Au bord de la Tamise, fleuve qui serpente le cœur de Londres, se dessine un destin inattendu d'un homme simple, issu d'une famille modeste habitant dans le « Council House », un HLM dans le « Tooting » au sud de Londres, le quartier des défavorisés dans lequel est né Sadiq Khan, il y a 45 ans, musulman, pour devenir le maire de la plus importante ville occidentale. C'est une vraie « success story ». Il a battu, sans appel, son rival le conservateur Zac Goldsmith, 41 ans, fils du milliardaire Jimmy Goldsmith, avec 57% des suffrages.
Sadik Khan, musulman d'origine pakistanaise du « Labour Party », vient de prêter serment ce samedi 7 mai 2016 pour succéder au charismatique conservateur, Boris Johnson. Sadik vient d'un milieu défavorisé dont le père fut chauffeur de bus et sa mère une couturière. Il a étudié le droit á : University of North London et a exercé le métier d'avocat, spécialiste dans le droit de la personne. Sadik fut ministre et est actuellement membre au parlement anglais depuis 2005 sous la bannière des travaillistes.
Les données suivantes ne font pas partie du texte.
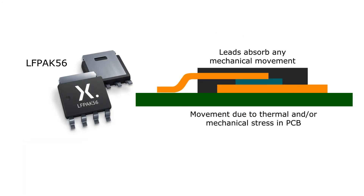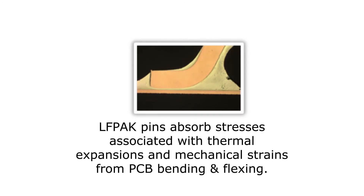When the PC board is exposed to temperature cycling, the PC board expands and contracts and it can also flex. The leads of the Aleph Pak device act as a shock absorber and absorb these movements, preventing the stress from being transferred into the solder joint or the package itself. This makes the package exceptionally good at PC board reliability.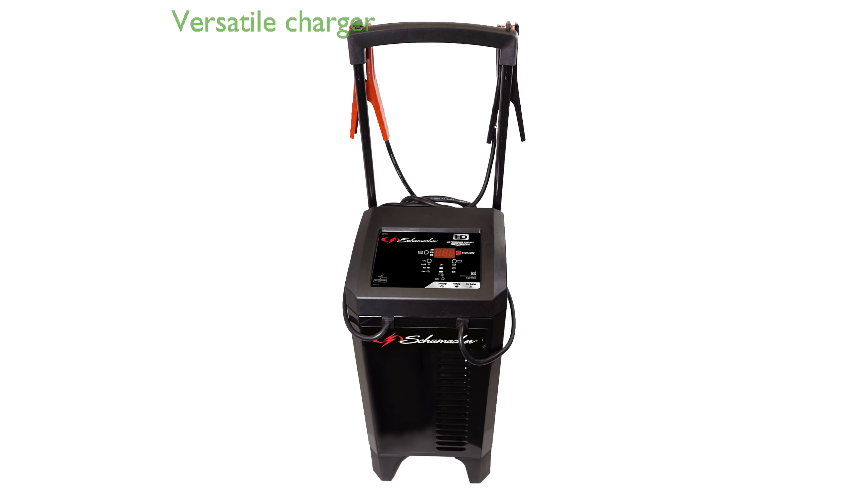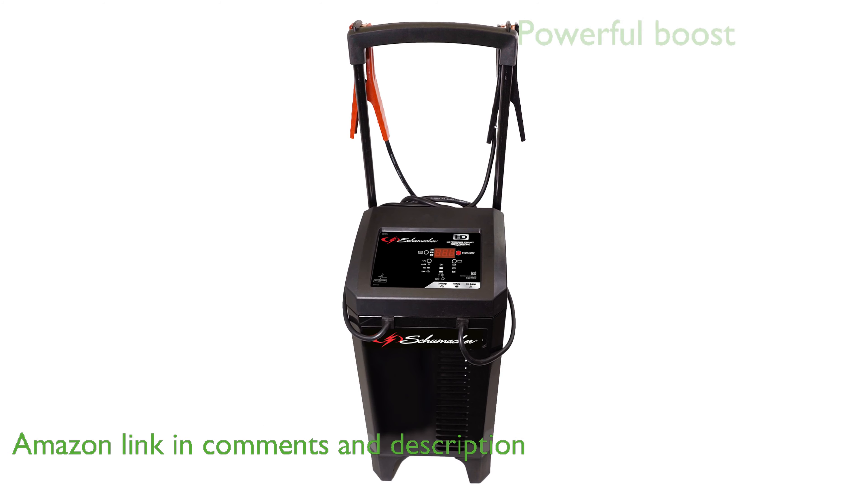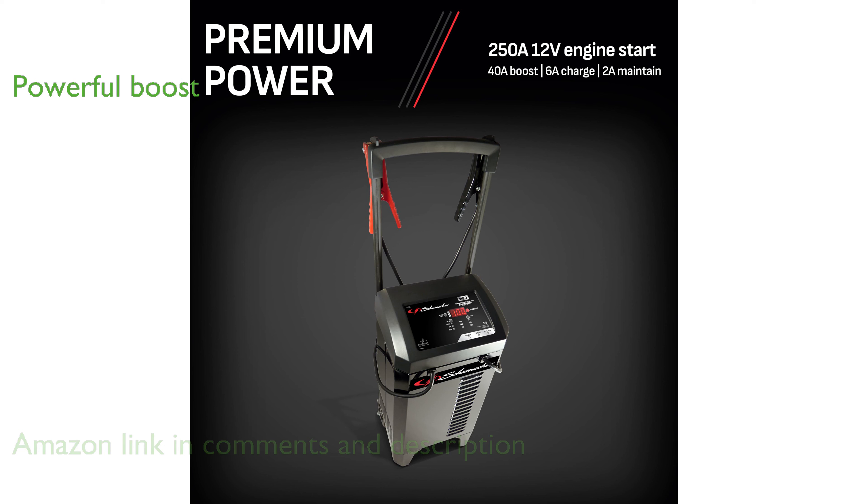The Schumacher Charger model SC1325 is a versatile and powerful battery charger designed for cars, trucks, SUVs, marine vehicles, and RVs. It features a robust 250-amp engine start capability and a 40-amp quick boost mode, making it highly effective for reviving deeply discharged batteries.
La bataille pour gagner les cœurs des londoniens a été féroce car c'était la bataille entre deux mondes totalement opposés. Khan, musulman, décontracté, chemise sans cravate, vient d'un milieu pauvre mais intelligent; pour convaincre son auditoire, il n'hésite pas à utiliser l'accent Oxfordien pour les nantis ou le « Cockney English » du milieu ouvrier. Goldsmith, juif, vient d'un milieu riche mais sans instruction, toujours sanglé dans son costume gris, s'adressant á son auditoire dans un anglais châtié mais creux; même ses gestes paraissaient précis et millimétrés dans les débats télévisés. C'est donc la richesse arrogante et hautaine contre la matière grise simple et modeste. Cette dernière a eu le dernier mot en dépit de la compagne de peur propagée par Goldsmith. Celui-ci ne se gênait pas à maculer son rival de musulman qui aime se frotter à l'extrémisme; un discours redondant et usé qui ne convainc que les islamophobes. Et même l'appui du premier ministre, David Cameron, était insuffisant. Les londoniens savaient faire la différence et voulaient entendre autre chose : comment améliorer le transport á Londres qui vient de dépasser les 8 millions d'habitants? Comment rendre le logement accessible aux gens de la classe moyenne et pauvre? Comment rendre Londres une ville plus sécuritaire? Sur ces questions, Khan était beaucoup plus convaincant car il connait le milieu des défavorisés alors que Goldsmith était perçu comme un fils á papa loin de toutes les inquiétudes des londoniens. Ce qui est remarquable chez Khan c'est sa fierté d'être musulman. «Je suis anglais, je suis londonien, je suis musulman et fier de l'être, et je suis fan de Liverpool » disait sans complexe devant l'establishment londonien. Sa confiance en soi était inatteignable; c'était son moteur de compagne qui l'aidait à faire face aux coups tordus des conservateurs. Quand il s'adresse aux siens, les musulmans, c'est avec « Bismi Allahi Rahmani Rahim, brothers and sisters...» qu'il entame son discours alimenté de versets coraniques sur la paix et l'égalité, des hadiths du Prophète Mohammed(SAW) sur le vivre ensemble, et des citations sur la justice sociale prônée par Al farouk, Omar Ibn Al Khatab (RA). Ces valeurs ont été mises en évidence car universelles.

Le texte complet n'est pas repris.